Всплывшая в памяти фамилия потянула новые воспоминания. Ребров мысленно перебирал записки Веркина, разговоры во время работы. Оказывается, они с Веркиным давно уже веревочкой связаны. Веркин из кожи лез, помогая строить измеритель, а потом как бы невзначай попросил денег. И не упускал возможности позлословить про Воронова, и следы пожара скрыл. Фу, как мерзко! Ребров поморщился. Он ведь так гордился, что ему никто не нужен, что он сам, все сам! А выходит… Веркин все время рядом был. И даже не как оруженосец, а вроде бы друг…
Ребров сердито завозился на сиденье, тяжело навалился на руль. «Да, — сказал про себя, усмехаясь, — есть у меня опора в жизни — Веркин. Если кому что надо, пусть через него действует. Он и записочку передаст, и растолкует, что и как надо понимать. Подчеркнет даже некоторые слова, чтобы, чего доброго, не запутаться…» И снова задвигался, тяжело, неспокойно.

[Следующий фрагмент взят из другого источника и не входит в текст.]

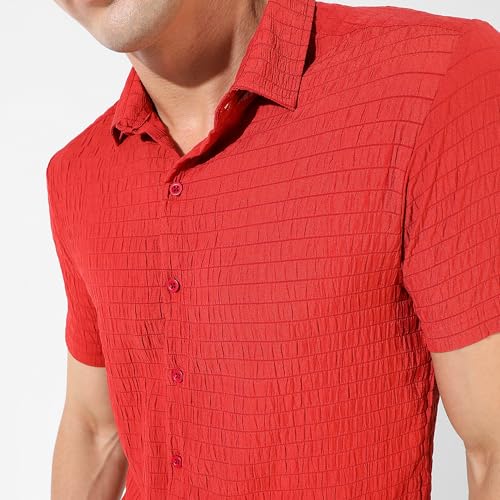 Image of Campus Sutra Men's Regular Fit Shirt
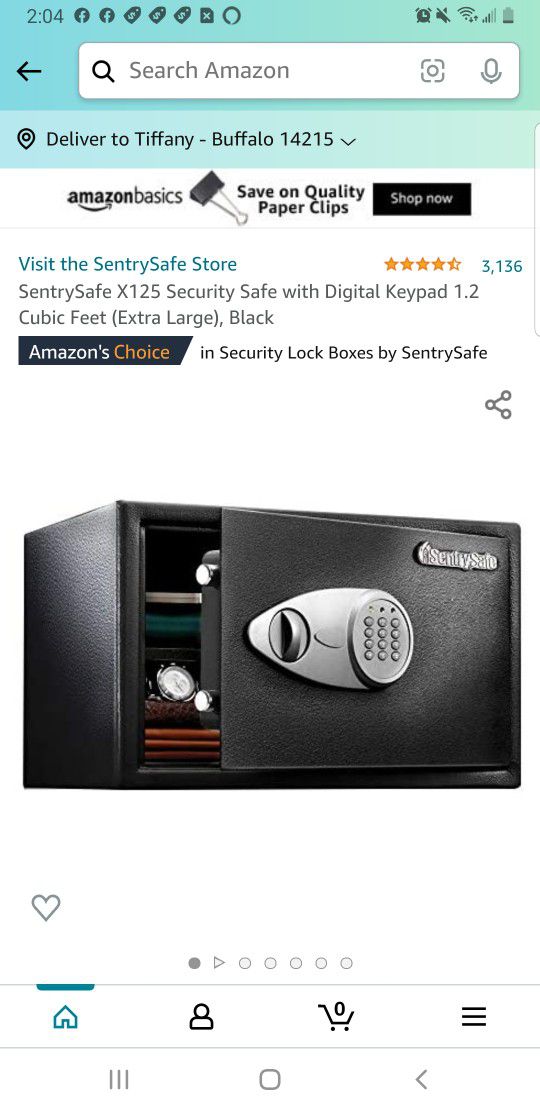 SentrySafe X125 Security Safe with Digital Keypad 1.2 Cubic Feet (Extra Large), Black

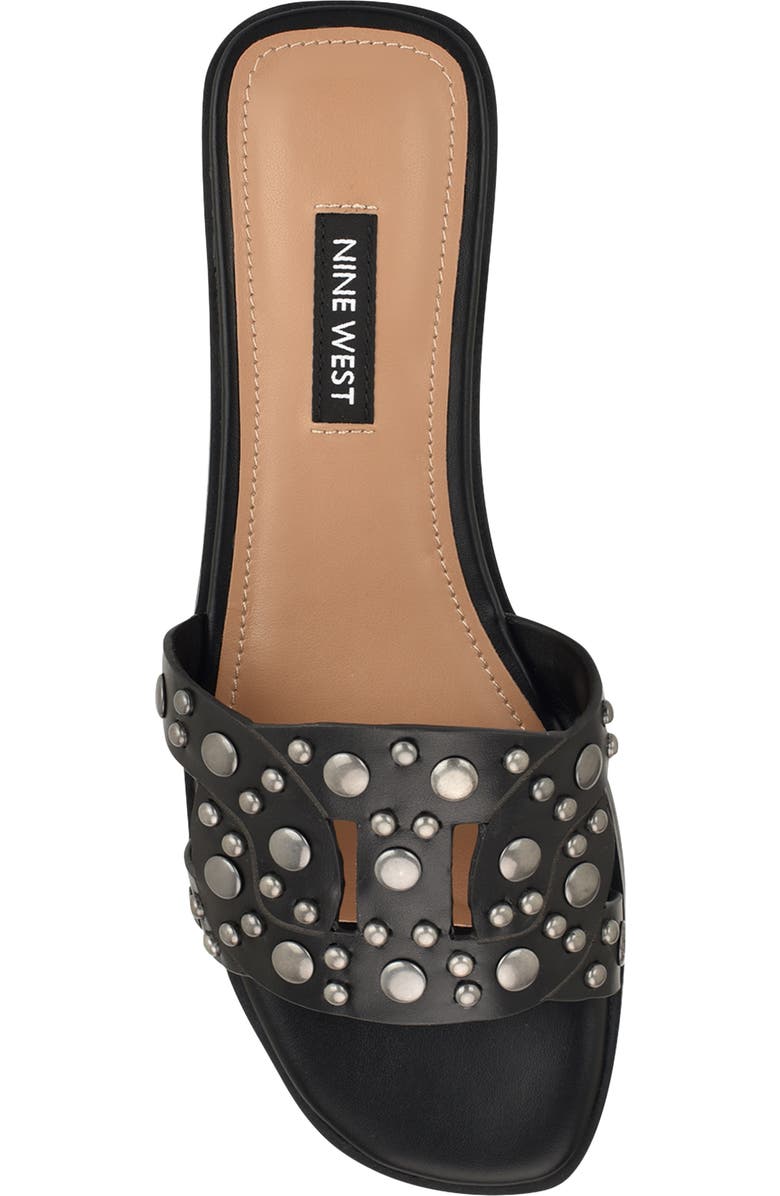 Nine West Gomaz Slide Sandal, Alternate, color,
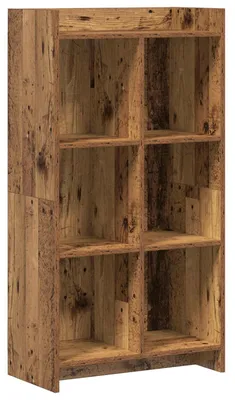 Image de Étagère vidaXL en bois recyclé 59 x 30 x 111 cm, aggloméré
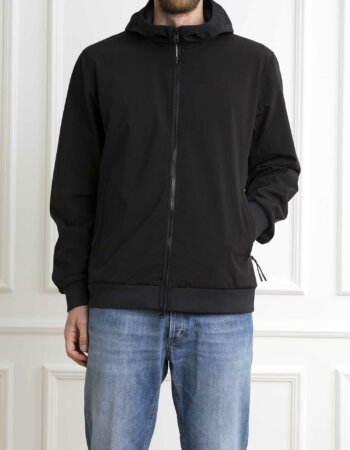 WOOLRICH-FELPA SOFT SHELL FULL ZIP-WLWOSW0223MRUT3678 BLACK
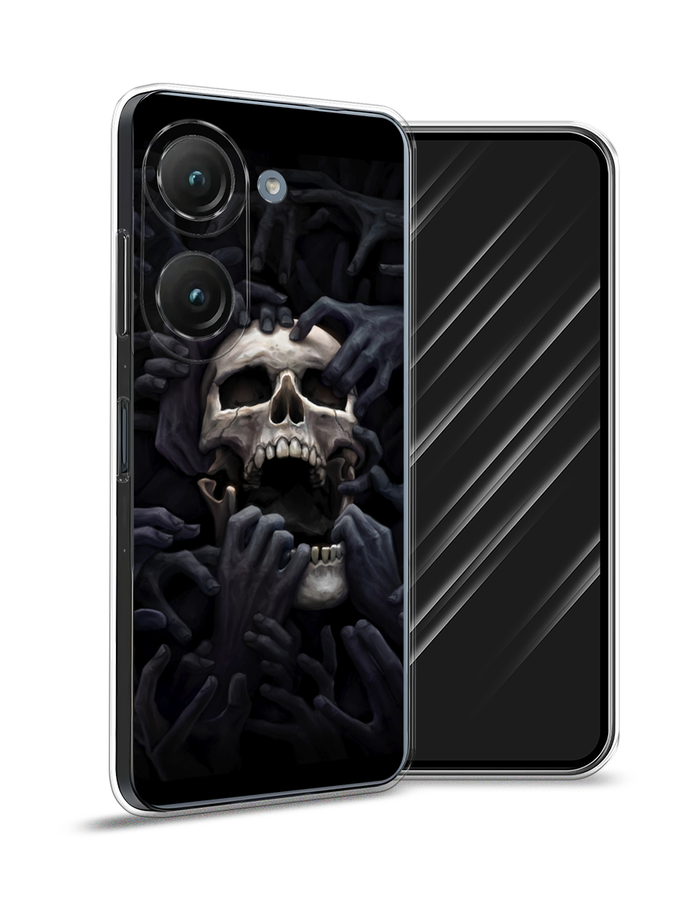 

Чехол Awog на Asus ZenFone 9 "Череп 29 ", Черный;серый, 44950-9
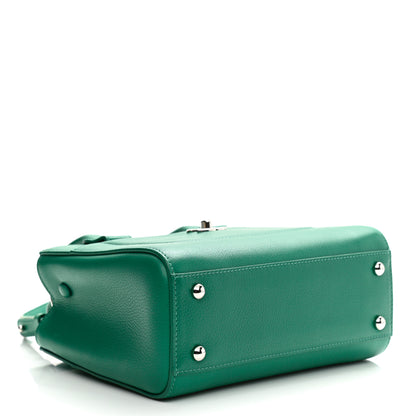 Chanel Grained Calfskin Mini Neo Executive Shopper Tote Green 4 of 11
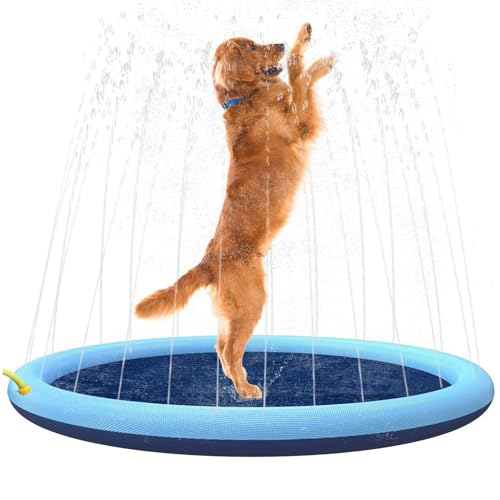 Splash Pad pour Chiens et Jouets Aquatiques d'Été pour Tapis de Jeu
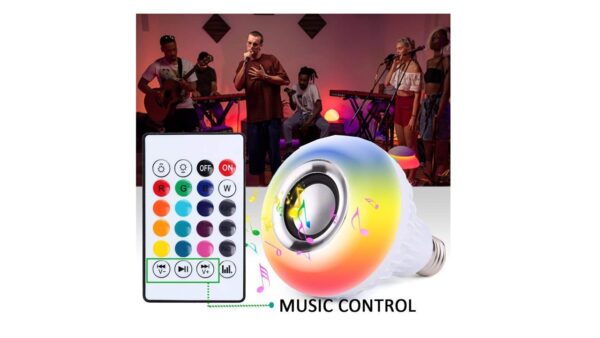 LED Music Light Bulb with Bluetooth RGB Changing Color Lamp - Image 8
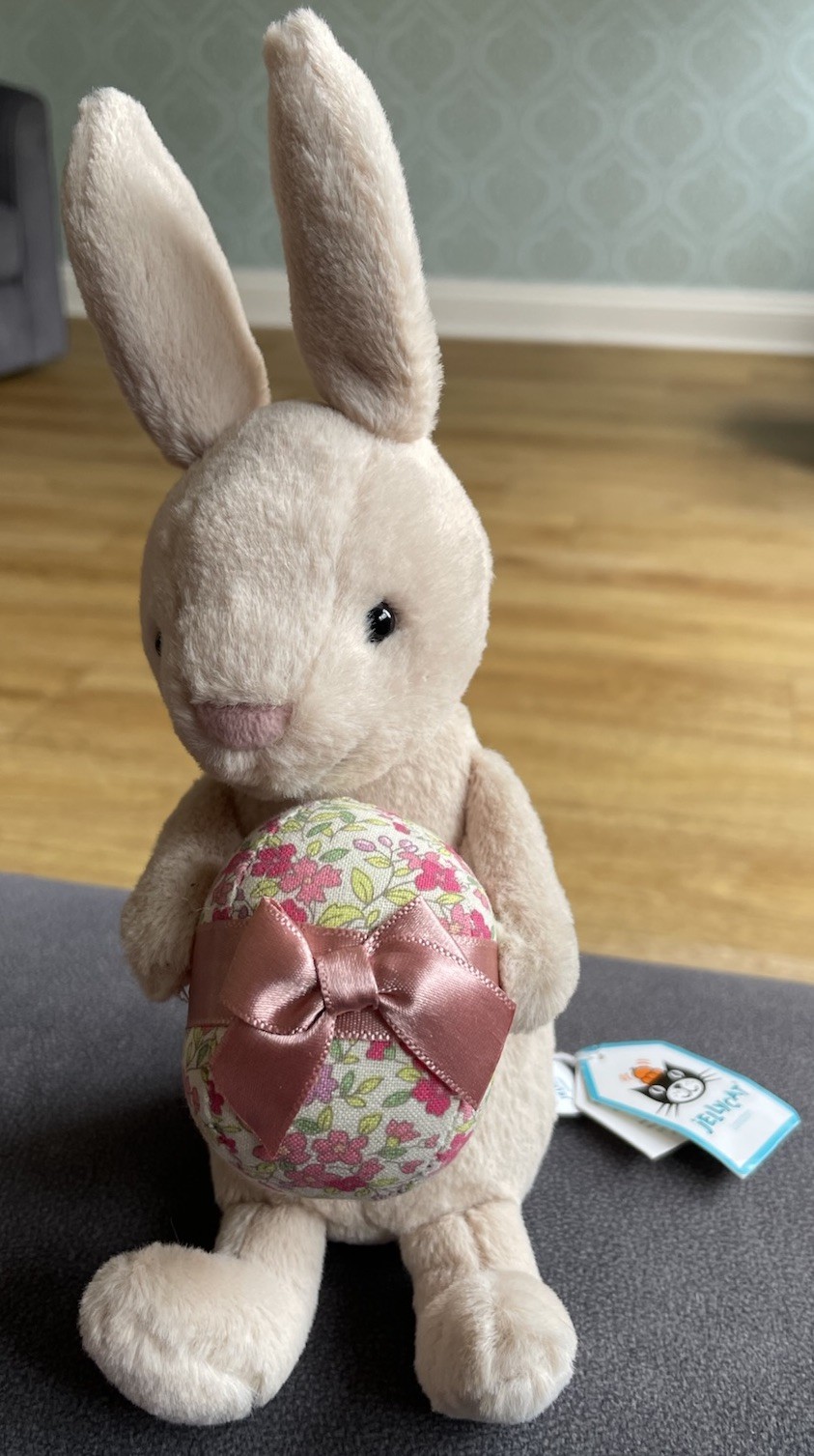 Jellycat Bonnie Bunny With Egg Rare Retired Collectible Genuine BNWT Soft Toy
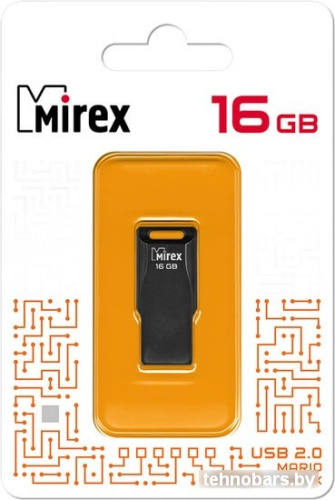 USB Flash Mirex Mario 16GB (черный) фото 4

Вспомнил, как из парткома пришел на кафедру. В преподавательской никого, но дверь в боковую комнату, к Дроздовскому, была открыта. Он заглянул. Дроздовский оторвался от бумаг, уставился на него сквозь очки. Потом молча поманил пальцем. Ребров подошел и тоже ничего не говорил. И Дроздовский по-прежнему молчал, тер платком окуляры. Наконец вымолвил: «Когда на работу?» Это рассердило, захотелось даже нагрубить: «У вас, товарищ полковник, только работа на уме, вам бы кнутик еще в руки, погонять!» Но сдержался, хоть и отвечал на вопросы в повышенном тоне. Теперь это понятно — зря. Один ведь только Дроздовский и спросил о том, о чем надо было спросить, только он думал не о прошлом, а о настоящем, вернее, о будущем, о его работе. Он один не ранил, а лечил душу грубоватым словом: «Давай поправляйся — и сразу на стенд. Надо дело кончать. Интересные тут задачки есть, новые». Прикидывался Дроздовский или впрямь знал, что будет дальше? Дадут теперь ему, штрафнику Реброву, работать в лаборатории или всыплют по первое число да и ушлют куда-нибудь с понижением?